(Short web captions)
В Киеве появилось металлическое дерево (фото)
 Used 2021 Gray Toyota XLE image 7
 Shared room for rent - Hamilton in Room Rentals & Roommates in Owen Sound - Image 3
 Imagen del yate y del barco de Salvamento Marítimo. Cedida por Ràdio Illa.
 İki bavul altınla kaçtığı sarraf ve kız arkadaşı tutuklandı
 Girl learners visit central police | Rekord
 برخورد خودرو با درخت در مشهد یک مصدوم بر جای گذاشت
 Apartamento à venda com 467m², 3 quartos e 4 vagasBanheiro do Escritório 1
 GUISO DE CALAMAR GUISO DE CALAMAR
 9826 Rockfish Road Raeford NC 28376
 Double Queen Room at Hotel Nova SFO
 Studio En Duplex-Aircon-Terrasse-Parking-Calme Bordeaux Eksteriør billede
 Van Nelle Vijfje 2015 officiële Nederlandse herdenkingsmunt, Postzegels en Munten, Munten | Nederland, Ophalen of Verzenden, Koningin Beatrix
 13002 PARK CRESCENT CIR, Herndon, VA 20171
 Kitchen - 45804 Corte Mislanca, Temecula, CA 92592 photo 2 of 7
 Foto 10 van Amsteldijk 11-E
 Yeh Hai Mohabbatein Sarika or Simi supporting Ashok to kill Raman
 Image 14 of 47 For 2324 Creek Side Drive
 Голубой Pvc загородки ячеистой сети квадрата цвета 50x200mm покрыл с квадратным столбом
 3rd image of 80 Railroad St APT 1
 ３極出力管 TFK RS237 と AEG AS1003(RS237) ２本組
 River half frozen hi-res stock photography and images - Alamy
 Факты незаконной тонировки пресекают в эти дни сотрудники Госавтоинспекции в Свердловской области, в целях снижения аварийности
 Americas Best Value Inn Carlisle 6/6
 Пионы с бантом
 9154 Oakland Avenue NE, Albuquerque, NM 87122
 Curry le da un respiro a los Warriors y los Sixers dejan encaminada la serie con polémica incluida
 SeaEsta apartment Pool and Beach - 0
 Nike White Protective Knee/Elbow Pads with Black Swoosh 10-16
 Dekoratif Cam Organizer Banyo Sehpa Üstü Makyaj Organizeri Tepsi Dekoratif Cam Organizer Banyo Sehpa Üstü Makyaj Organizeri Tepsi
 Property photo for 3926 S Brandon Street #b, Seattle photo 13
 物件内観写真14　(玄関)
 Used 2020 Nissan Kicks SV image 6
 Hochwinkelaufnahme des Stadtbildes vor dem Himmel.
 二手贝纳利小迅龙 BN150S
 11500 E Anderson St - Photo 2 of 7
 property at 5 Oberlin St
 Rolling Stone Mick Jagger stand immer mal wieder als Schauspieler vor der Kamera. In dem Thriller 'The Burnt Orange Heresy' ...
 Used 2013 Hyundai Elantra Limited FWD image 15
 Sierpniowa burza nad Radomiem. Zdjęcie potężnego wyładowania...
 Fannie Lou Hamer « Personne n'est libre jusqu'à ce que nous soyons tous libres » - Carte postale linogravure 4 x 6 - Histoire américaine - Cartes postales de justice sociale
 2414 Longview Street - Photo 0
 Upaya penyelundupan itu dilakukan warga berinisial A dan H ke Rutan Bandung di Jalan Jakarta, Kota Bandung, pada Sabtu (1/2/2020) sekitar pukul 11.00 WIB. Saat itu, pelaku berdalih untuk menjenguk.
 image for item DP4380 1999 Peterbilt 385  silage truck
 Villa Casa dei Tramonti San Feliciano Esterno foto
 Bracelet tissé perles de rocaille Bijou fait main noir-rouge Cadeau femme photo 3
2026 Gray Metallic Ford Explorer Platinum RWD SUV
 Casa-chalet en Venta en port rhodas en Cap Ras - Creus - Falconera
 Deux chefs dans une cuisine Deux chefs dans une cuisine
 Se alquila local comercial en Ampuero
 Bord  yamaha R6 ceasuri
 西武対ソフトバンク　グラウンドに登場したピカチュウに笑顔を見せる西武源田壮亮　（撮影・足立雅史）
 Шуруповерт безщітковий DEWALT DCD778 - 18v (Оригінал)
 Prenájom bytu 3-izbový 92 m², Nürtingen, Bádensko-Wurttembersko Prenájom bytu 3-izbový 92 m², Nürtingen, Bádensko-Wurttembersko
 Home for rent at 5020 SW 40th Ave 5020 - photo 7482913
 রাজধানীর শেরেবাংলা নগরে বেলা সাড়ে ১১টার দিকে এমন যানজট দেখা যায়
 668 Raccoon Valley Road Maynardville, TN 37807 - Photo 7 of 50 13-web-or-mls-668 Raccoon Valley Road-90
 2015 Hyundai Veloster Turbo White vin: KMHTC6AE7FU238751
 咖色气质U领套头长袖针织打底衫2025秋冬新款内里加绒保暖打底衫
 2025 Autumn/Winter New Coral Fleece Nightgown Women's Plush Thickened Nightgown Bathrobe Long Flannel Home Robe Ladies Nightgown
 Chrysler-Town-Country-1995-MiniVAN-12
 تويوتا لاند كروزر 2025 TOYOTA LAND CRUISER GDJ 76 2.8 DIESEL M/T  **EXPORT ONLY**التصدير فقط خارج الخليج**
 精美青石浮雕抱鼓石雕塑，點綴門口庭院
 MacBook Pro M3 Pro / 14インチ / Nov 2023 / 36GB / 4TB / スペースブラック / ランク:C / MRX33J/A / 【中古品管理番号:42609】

> _The problem_
Return only the part of the records above that opens with the line containing "Image 14 of 47 For 2324 Creek Side Drive" and closes with the line containing "Факты незаконной тонировки", ends included.

> _Answer space_
 Image 14 of 47 For 2324 Creek Side Drive
 Голубой Pvc загородки ячеистой сети квадрата цвета 50x200mm покрыл с квадратным столбом
 3rd image of 80 Railroad St APT 1
 ３極出力管 TFK RS237 と AEG AS1003(RS237) ２本組
 River half frozen hi-res stock photography and images - Alamy
 Факты незаконной тонировки пресекают в эти дни сотрудники Госавтоинспекции в Свердловской области, в целях снижения аварийности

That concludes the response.